実施例1では、キャップをベゼル内でその上部(天井面直下)に格納するために、ガイド溝、規制ピンがベゼルの上部、ヒンジピンがキャップの上部にそれぞれ設けられているのに対して、実施例2では下部(下面の上)に格納するために、ガイド溝、規制ピンがベゼルの下部、ヒンジピンがキャップの下部にそれぞれ設けられている点で、実施例2は実施例1と相違する。
【0046】
実施例2では、ガイド溝42はベゼル40の左右側面の下部に設けられ、ガイド溝には、キャップ50の下部に設けられた左右一対のヒンジピン52がスライド可能に嵌合されている。ここで、ガイド溝42は、ベゼルの下面40Loの上にキャップ50を格納する空間を確保するように、前後方向でのキャップの長さ(厚さ)に対応する距離だけベゼルの下面から離反して形成されている。
【0047】
ガイド溝の前端42Frの上方で後方には、左右一対の規制ピン44がベゼルの左右側面から内側に突出している。そして、ベゼル40、キャップ50の間には保持手段60が設けられ、保持手段は、実施例1と同様に、部分球形状の係合突起54と、係合突起と係合可能な貫通溝よりなる
係合穴46との組み合わせから構成され、係合突起はキャップの左右の袖の上部に、
係合穴はベゼルの左右の側面の上部にそれぞれ設けられている。
【0048】
キャップのヒンジピン52がベゼルの対応するガイド溝42に嵌合されるとともに、キャップの係合突起54がベゼルの対応する係合穴46に係合されて、ベゼルの前面開口40Fを覆う位置にキャップ50は保持され(初期位置;
図6(A))、規制ピン44は、キャップの背面50Saに当接してヒンジピン52を中心としたキャップ50の揺動を規制している。
【0049】
キャップ50をベゼル40に格納するためには、まず、キャップを手前に引きだして保持手段60による係合を解除する。実施例2では、キャップ上部に指を係止させる隙間を残すことなく、キャップ50がベゼルの開口40Fの全面を覆っているため、指を係止させて手前に引き出すための係止溝をキャップの前面の上部に設けるとよい。

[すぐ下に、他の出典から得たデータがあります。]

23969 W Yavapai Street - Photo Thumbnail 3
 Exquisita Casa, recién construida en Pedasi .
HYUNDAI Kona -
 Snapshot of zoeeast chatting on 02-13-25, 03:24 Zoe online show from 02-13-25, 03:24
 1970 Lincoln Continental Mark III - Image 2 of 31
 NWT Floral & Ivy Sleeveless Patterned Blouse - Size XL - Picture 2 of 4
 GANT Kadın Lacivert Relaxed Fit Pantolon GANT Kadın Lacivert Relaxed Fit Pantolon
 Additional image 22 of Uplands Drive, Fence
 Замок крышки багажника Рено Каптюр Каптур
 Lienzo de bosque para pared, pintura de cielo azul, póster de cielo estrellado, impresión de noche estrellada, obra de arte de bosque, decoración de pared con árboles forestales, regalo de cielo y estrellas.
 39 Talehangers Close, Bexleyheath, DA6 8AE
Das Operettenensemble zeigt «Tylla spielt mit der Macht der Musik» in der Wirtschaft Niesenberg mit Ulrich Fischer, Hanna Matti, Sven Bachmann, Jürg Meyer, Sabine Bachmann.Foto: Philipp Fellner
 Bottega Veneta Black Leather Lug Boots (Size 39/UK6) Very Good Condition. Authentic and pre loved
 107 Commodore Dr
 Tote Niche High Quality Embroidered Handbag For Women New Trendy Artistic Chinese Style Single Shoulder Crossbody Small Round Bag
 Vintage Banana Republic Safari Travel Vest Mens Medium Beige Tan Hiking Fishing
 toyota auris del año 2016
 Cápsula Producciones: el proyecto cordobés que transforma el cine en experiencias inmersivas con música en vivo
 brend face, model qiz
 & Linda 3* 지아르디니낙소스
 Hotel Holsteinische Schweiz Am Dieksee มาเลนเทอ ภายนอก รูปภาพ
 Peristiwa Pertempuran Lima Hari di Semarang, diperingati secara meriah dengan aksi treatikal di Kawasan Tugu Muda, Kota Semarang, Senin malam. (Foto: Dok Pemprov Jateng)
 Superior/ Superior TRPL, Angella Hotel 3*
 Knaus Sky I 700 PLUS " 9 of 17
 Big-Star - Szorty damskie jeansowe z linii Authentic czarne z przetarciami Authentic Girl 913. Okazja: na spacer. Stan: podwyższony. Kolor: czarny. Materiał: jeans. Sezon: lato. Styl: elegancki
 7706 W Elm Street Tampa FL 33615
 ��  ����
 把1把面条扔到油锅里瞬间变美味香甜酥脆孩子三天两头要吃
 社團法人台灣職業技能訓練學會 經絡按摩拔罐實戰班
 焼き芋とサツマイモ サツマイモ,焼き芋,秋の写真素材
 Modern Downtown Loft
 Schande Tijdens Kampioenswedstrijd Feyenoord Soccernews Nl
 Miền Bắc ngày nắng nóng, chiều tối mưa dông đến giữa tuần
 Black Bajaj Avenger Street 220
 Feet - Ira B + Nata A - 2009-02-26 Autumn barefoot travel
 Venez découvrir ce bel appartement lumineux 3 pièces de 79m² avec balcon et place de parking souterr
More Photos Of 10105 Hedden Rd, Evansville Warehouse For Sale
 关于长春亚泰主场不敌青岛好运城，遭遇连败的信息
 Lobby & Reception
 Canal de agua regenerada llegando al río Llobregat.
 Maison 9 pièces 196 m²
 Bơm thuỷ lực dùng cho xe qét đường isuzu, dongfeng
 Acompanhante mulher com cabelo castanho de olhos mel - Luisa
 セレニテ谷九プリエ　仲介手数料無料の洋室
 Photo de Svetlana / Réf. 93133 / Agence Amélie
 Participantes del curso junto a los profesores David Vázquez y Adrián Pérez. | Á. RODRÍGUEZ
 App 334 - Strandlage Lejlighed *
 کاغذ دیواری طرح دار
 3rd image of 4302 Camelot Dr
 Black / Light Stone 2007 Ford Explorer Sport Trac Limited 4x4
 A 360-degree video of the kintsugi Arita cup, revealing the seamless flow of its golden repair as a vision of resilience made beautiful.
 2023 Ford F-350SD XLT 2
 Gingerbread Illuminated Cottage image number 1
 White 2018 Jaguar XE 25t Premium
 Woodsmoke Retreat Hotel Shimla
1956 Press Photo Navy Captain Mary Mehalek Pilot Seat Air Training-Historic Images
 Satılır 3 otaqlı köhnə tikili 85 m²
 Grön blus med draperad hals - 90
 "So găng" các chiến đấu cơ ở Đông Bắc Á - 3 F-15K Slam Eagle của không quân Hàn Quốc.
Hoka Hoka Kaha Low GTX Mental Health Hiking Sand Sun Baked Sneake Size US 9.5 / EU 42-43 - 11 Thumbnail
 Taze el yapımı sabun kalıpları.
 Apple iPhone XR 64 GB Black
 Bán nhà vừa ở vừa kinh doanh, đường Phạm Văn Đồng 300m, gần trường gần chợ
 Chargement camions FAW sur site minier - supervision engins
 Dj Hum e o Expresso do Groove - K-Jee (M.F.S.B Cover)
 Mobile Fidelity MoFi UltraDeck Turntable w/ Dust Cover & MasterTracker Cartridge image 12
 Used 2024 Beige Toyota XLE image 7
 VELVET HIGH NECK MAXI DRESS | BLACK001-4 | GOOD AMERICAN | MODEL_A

そして、キャップの左右の袖の後端50Saに規制ピン44を摺接させながら、ヒンジピン52を中心としてキャップ50を揺動させ、ヒンジピンがガイド溝の後端42Rrに当接するまでスライドさせると、キャップ50が下面40Loの上でベゼルに格納される(格納位置;
図6(B))。
【0050】
キャップ50をベゼル40の下部(下面の上)に格納する実施例2の構成においても、ベゼルの上部(天井面直下)に格納する実施例1と同様の効果が得られる。すなわち、係合部材で前面を傷付けることなくキャップ50をベゼル40に格納できる。
【0051】
上記のように本発明によれば、キャップを押し込むとベゼルに設けた規制ピンに規制されてキャップが揺動してベゼルに格納され、パッド凹部へのチャイルドシートの係合部材の押し込みと関係なく揺動して係合部材と接触しないため、その前面を傷付けることなくキャップをベゼルに格納できる。
【0052】
上述した実施例は、この発明を説明するためのものであり、この発明を何等限定するものでなく、この発明の技術範囲内で変形、改造等の施されたものも全てこの発明に包含されることはいうまでもない。
【0053】
なお、実施例では、チャイルドシートの係合部材と係合するアンカがシートクッション後端、シートバック下端のいずれかに設けられている場合を想定しているが、これに限定されず、たとえばシートクッションやシートバックの上面または背面にテザーアンカを設けた構成にも本発明を適用することができる。すなわち、チャイルドシートの頂部から延ばされたフックなどの係合部材と係合可能なテザーアンカがシートクッションやその背面などに設けられ、テザーアンカの格納可能な凹部を覆うキャップ付きベゼルを持つ車両用シートにも本発明を適用できる。